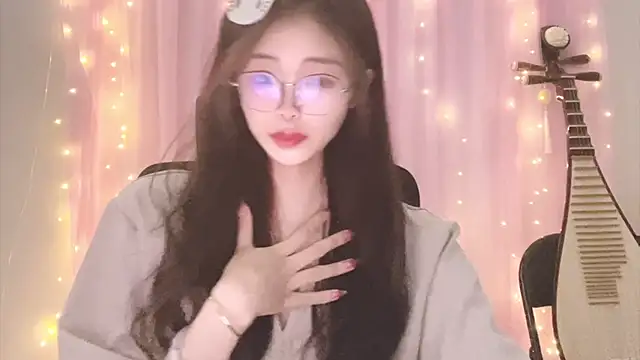 ---MIA--- online show from 04-17-26, 03:48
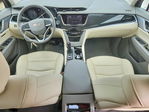 Cadillac XT6 2023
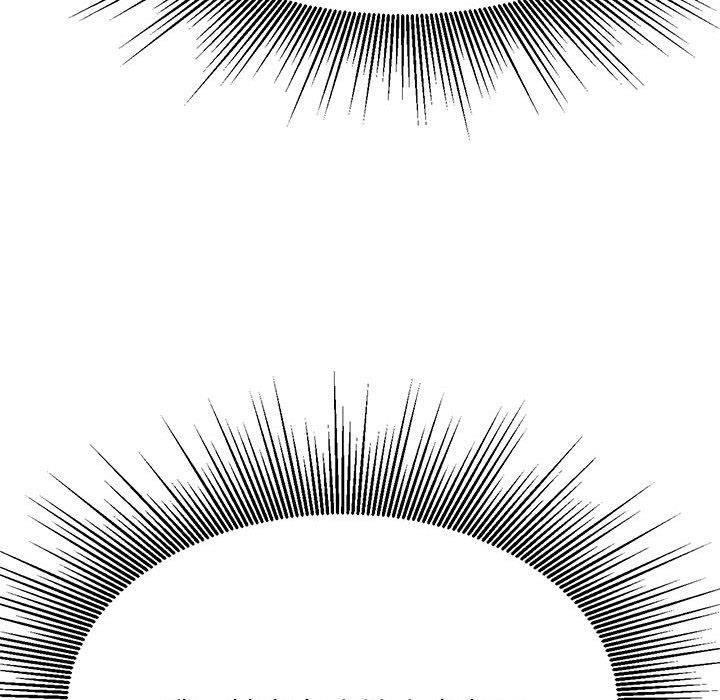 我的专属老师第1话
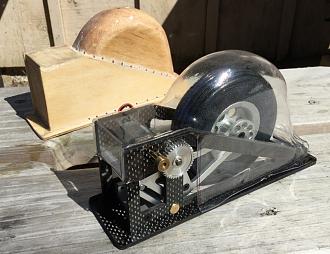 Click image for larger version

Name:	H9_ASW20_GearFender_01.jpg
Views:	620
Size:	182.0 KB
ID:	35237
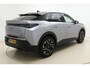 Peugeot 3008 1.2 Hybrid 145 GT Exclusive | Alcantara | 360-Graden camera | Memoryfunctie op stoel | Elektr. achterklep | Stoelverwarming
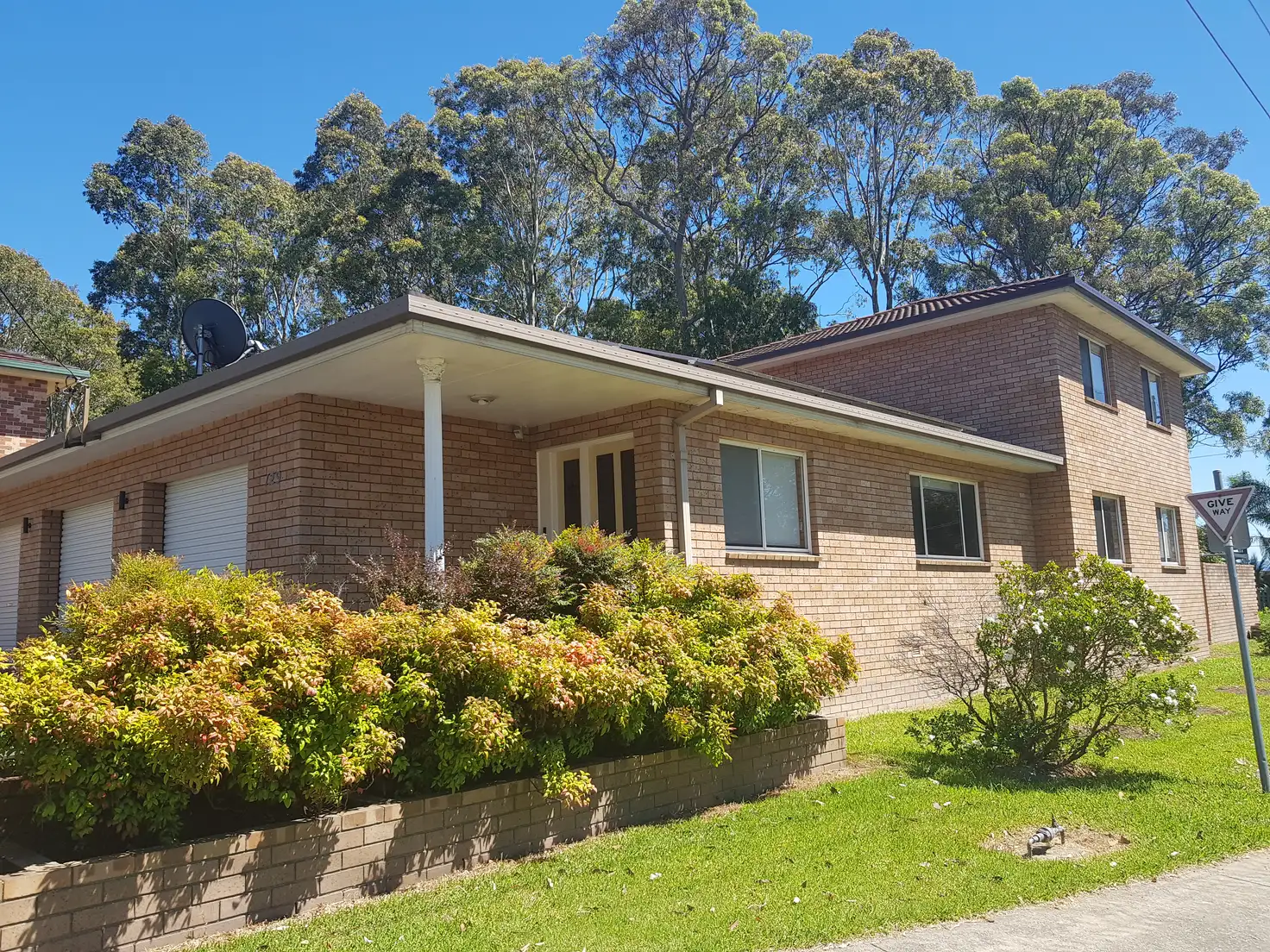 Main view of Homely house listing, 129 Hillcrest Avenue, South Nowra NSW 2541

* _Work request_: The required output is the line containing "Cadillac XT6 2023" plus every line after it to the end of the data, copied exactly and with no pictures.

* _Answer space_:
 Cadillac XT6 2023
 我的专属老师第1话
 Click image for larger version

Name:	H9_ASW20_GearFender_01.jpg
Views:	620
Size:	182.0 KB
ID:	35237
 Peugeot 3008 1.2 Hybrid 145 GT Exclusive | Alcantara | 360-Graden camera | Memoryfunctie op stoel | Elektr. achterklep | Stoelverwarming
 Main view of Homely house listing, 129 Hillcrest Avenue, South Nowra NSW 2541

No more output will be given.